Paul admits that when the game came out he began reading reviews and following the online chatter obsessively. Gamers are not always noted for their sensitivity and reverence, he says, yet “what was emerging was an incredibly mature, thoughtful conversation with people describing their own experiences in relation to the game. I was absolutely astounded at the impact it had in that respect.”
Hellblade broke even within three months, and within a year of its release had sold more than a million copies. It has won more than 20 awards and been nominated for dozens more.
“It’s always been a bit of a dream [to win a video game BAFTA], and I thought maybe we’d have a chance on this project,” says Dominic. “But to walk away with five BAFTAs, that was just phenomenal.”
And yet, he says, it has been the impact the game has had on people’s lives that has left the biggest impression on him. “We still get letters from people and emails and tweets telling us how the game has helped them and given them a platform on which they are able to talk about their own experiences with friends and family members. I met a girl recently who said that she felt like Senua was the only person who really understood her.”
None of this would have been possible without the involvement with Paul and Recovery College East, and the initial support from Wellcome, Dominic says. He would encourage other developers to follow suit, but to consider the nature of the collaboration. His tip is “to find mutual areas of interest, not ‘are we getting this right and can you teach us about this?’. How can you collaborate to make something really, really unique?”
Iain is optimistic that Hellblade will have a positive lasting effect on the games industry. “From having conversations with people within the industry, I’d say it has certainly inspired a lot of people,” he says. “It’s made them appreciate better that serious issues can be tackled sensitively within games and can draw and engage a large audience.”

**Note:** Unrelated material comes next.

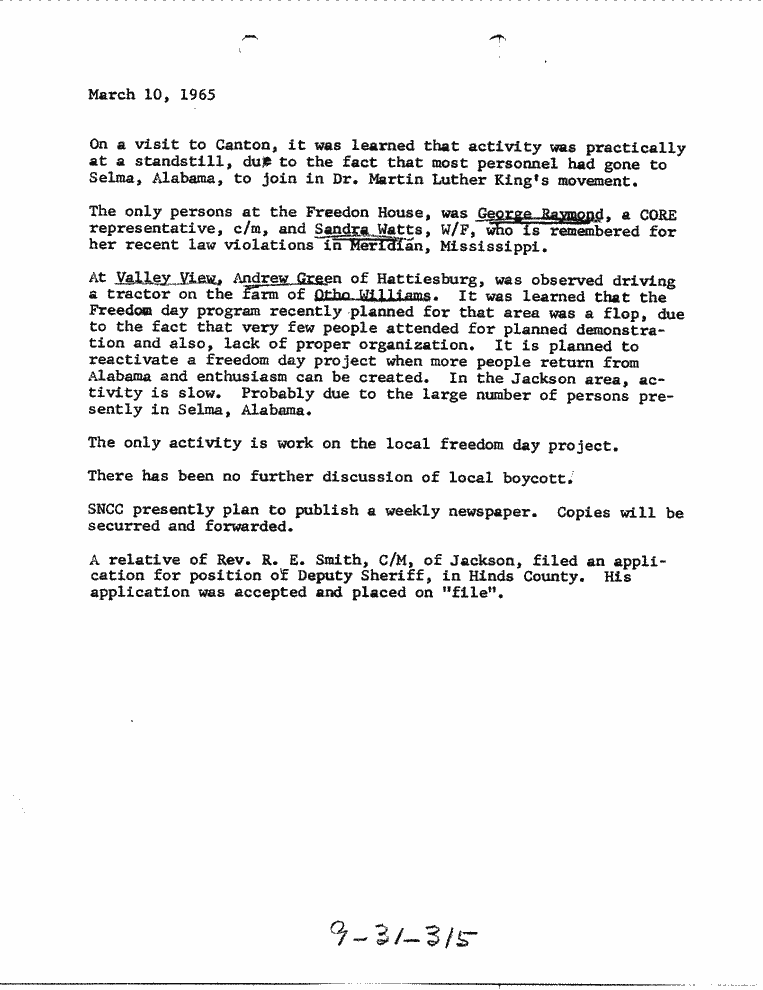 SCR ID # 9-31-3-88-1-1-1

For Paul, the game has transformed how he is able to communicate his research. “I used to read quotes from early 1960s papers about the perceptual disturbances that people with psychosis describe. I now have a whole load of clips created by [Ninja Theory] that I can just show. It’s an amazing resource for teaching students.”
Dominic and Paul see an exciting future for the relationship between gaming technology and mental illness, one that moves beyond games merely allowing players to experience simulations of mental illness and towards promoting mental health.
There have already been trials of helping people who experience psychosis control their voices through the use of avatar therapy. This involves a psychiatrist working with the patient to develop a computer simulation (avatar) of their hallucination and then training them to stand up to the avatar. The computer graphics used were rudimentary, certainly compared to those games companies use.
“The organisations running these experiments, they don’t have the expertise in creating digital human faces that we do,” says Dominic. “Imagine how effective avatar therapy could potentially be, if that avatar is that much more believable and realistic.”
People already use games for their mental health, says Paul—perhaps picking up the phone and playing Candy Crush for 15 minutes of relaxation. But by combining physiological measures of anxiety—heart rate and respiratory rates, for example—with the feedback from virtual reality, it could allow them to take this to a whole new level.
“Imagine mindfulness with a virtual reality headset on, where you’re being rewarded for controlling your physiology, because the environment becomes more beautiful. The sun comes out from behind the clouds or the wave starts to lap against the shore.”